Like many of you, I have a hard time getting rid of stuff. I’ve got boxes and boxes of weirdo bits and bobs, and piles of devices that I’ll eventually get around to stripping down into even more bits and bobs. Despite regular purges — I try to bring a car-load of crap treasure to local hackerspaces and meetups at least a couple times a year — the pile only continues to grow.

But the problem isn’t limited to hardware components. There’s all sorts of things that the logical part of me understands I’ll almost certainly never need, and yet I can’t bring myself to dispose of. One of those things just so happens to be documents. Anything printed is fair game. Could be the notes from my last appointment with the doctor, or fliers for events I attended years ago. Doesn’t matter, the stacks keep building up until I end up cramming it all into a box and start the whole process starts over again.

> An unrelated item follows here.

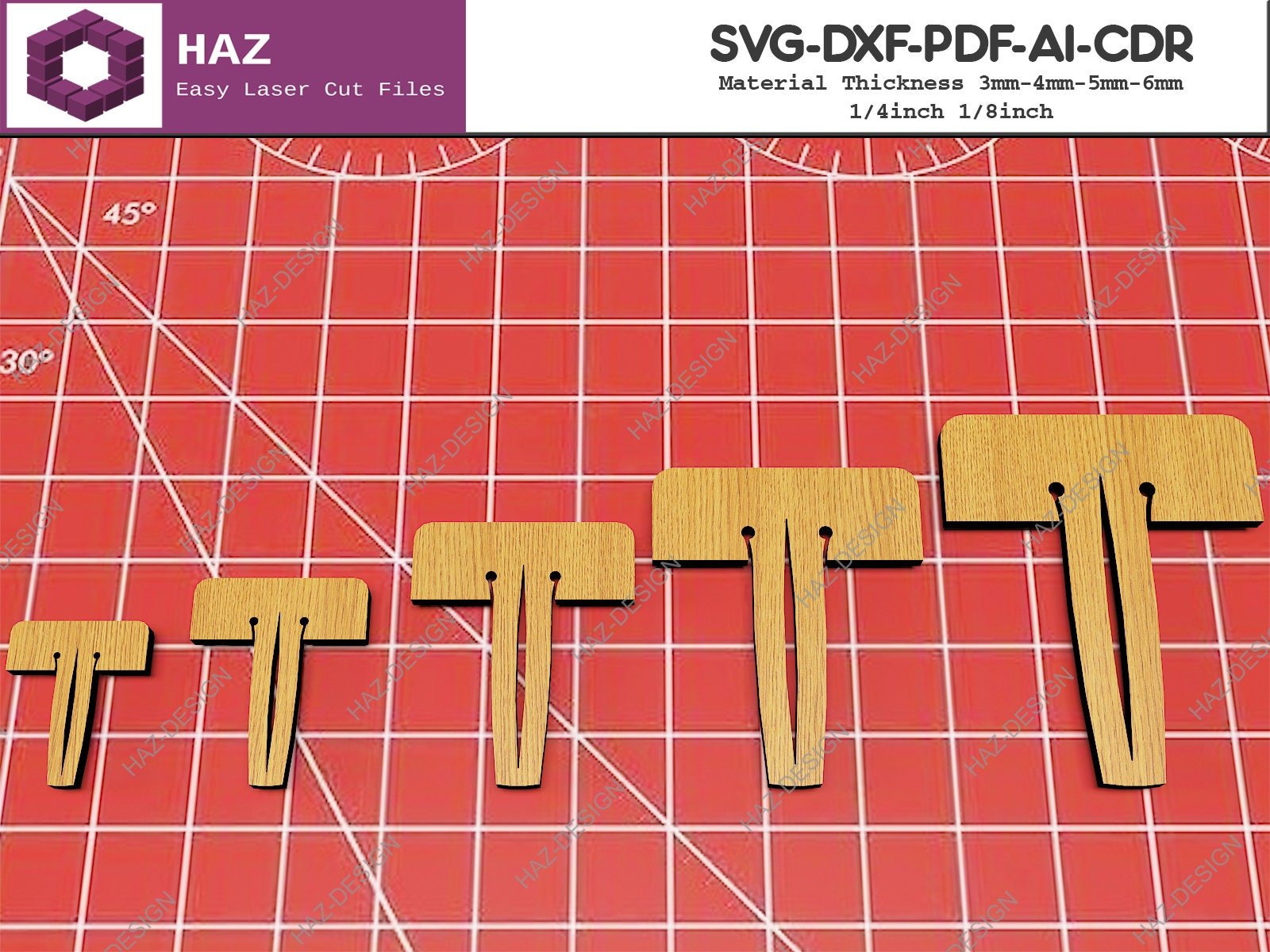 Lightburn Crumb Tray Pins / Glowforge Honeycomb Pin Plans / Laser Honeycomb Cut Pins SVG DXF CDR Ai 066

I’ve largely convinced myself that the perennial accumulation of electronic bric-à-brac is an occupational hazard, and have come to terms with it. But I think there’s a good chance of moving the needle on the document situation, and if that involves a bit of high-tech overengineering, even better. As such, I’ve spent the last couple of weeks investigating digitizing the documents that have information worth retaining so that the originals can be sent along to Valhalla in my fire pit.

The following represents some of my observations thus far, in the hopes that others going down a similar path may find them useful. But what I’m really interested in is hearing from the Hackaday community. Surely I’m not the only one trying to save some storage space by turn piles of papers into ones and zeros.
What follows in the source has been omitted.